** Opening Data shown block **

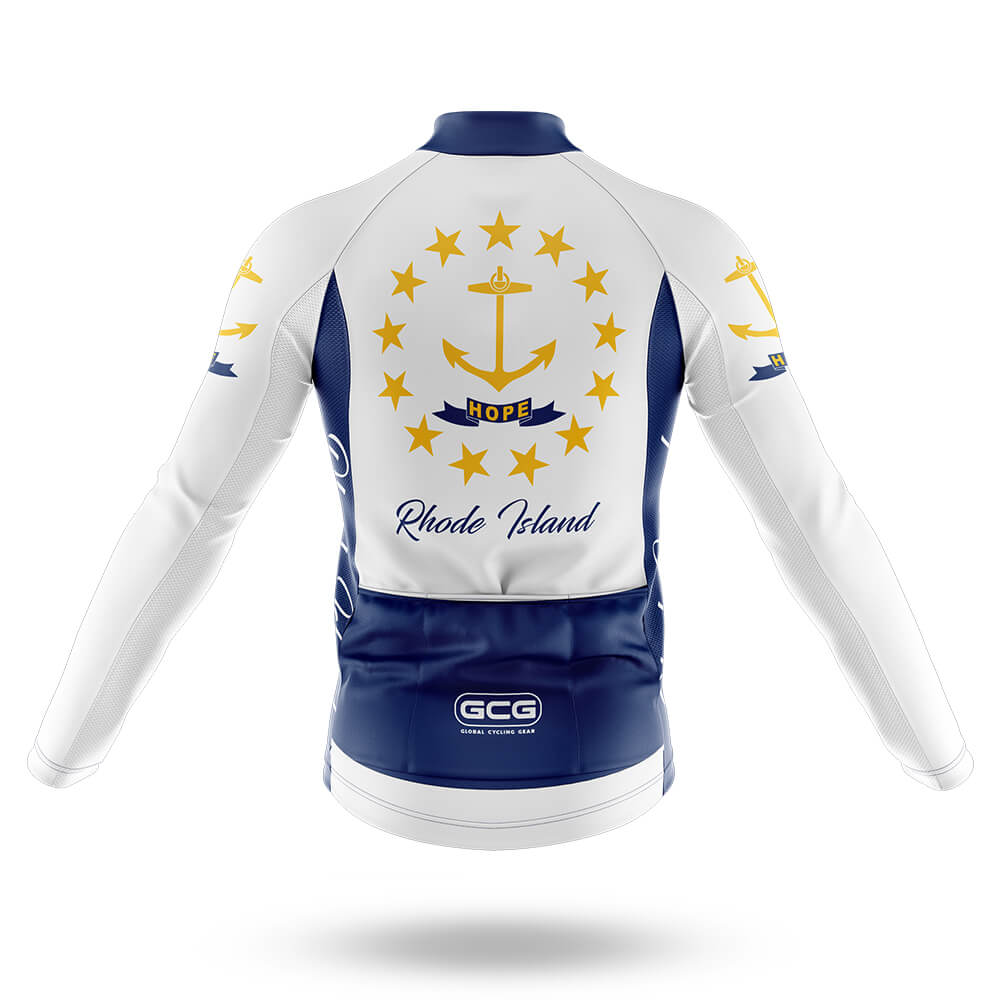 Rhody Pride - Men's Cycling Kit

** Closing Data shown block **
** Opening Data shown block **

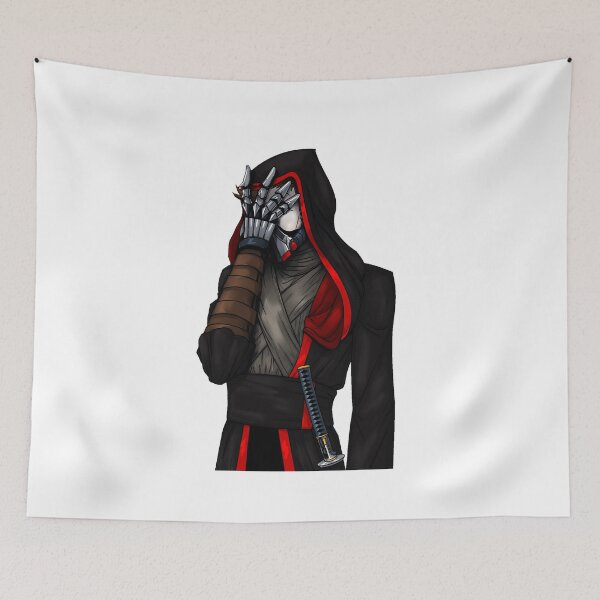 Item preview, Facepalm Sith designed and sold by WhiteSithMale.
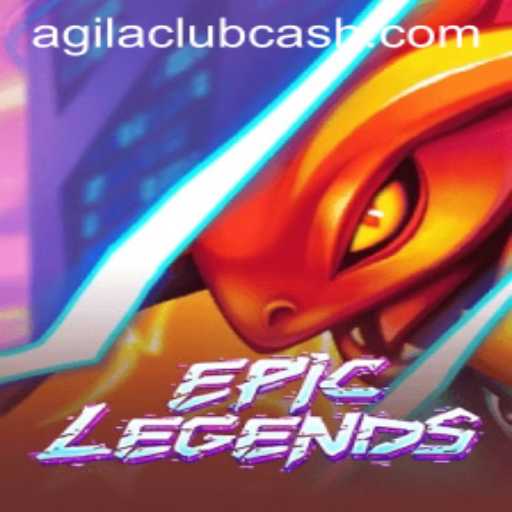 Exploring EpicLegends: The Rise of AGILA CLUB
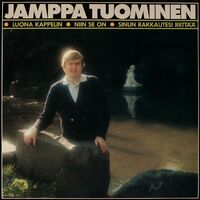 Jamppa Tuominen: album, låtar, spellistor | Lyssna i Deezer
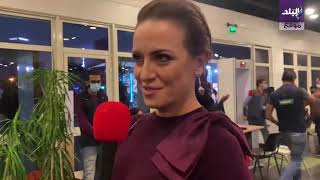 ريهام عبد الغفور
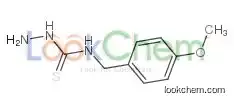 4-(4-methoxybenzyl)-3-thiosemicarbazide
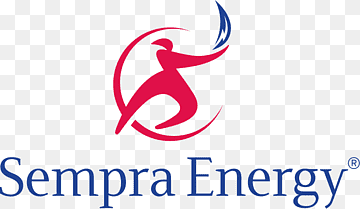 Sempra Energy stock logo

** Closing Data shown block **
** Opening Data shown block **

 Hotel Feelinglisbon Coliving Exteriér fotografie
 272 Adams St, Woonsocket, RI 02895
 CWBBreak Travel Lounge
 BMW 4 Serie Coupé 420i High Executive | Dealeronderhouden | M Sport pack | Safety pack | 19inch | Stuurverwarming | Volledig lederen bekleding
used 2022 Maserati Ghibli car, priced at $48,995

** Closing Data shown block **

• **What this task involves**
Please output, exactly as written, the lines above from the one holding "Jamppa Tuominen: album, låtar, spellistor" through the one holding "Sempra Energy stock logo", both included, with the pictures omitted.

• **Reply**
 Jamppa Tuominen: album, låtar, spellistor | Lyssna i Deezer
 ريهام عبد الغفور
 4-(4-methoxybenzyl)-3-thiosemicarbazide
 Sempra Energy stock logo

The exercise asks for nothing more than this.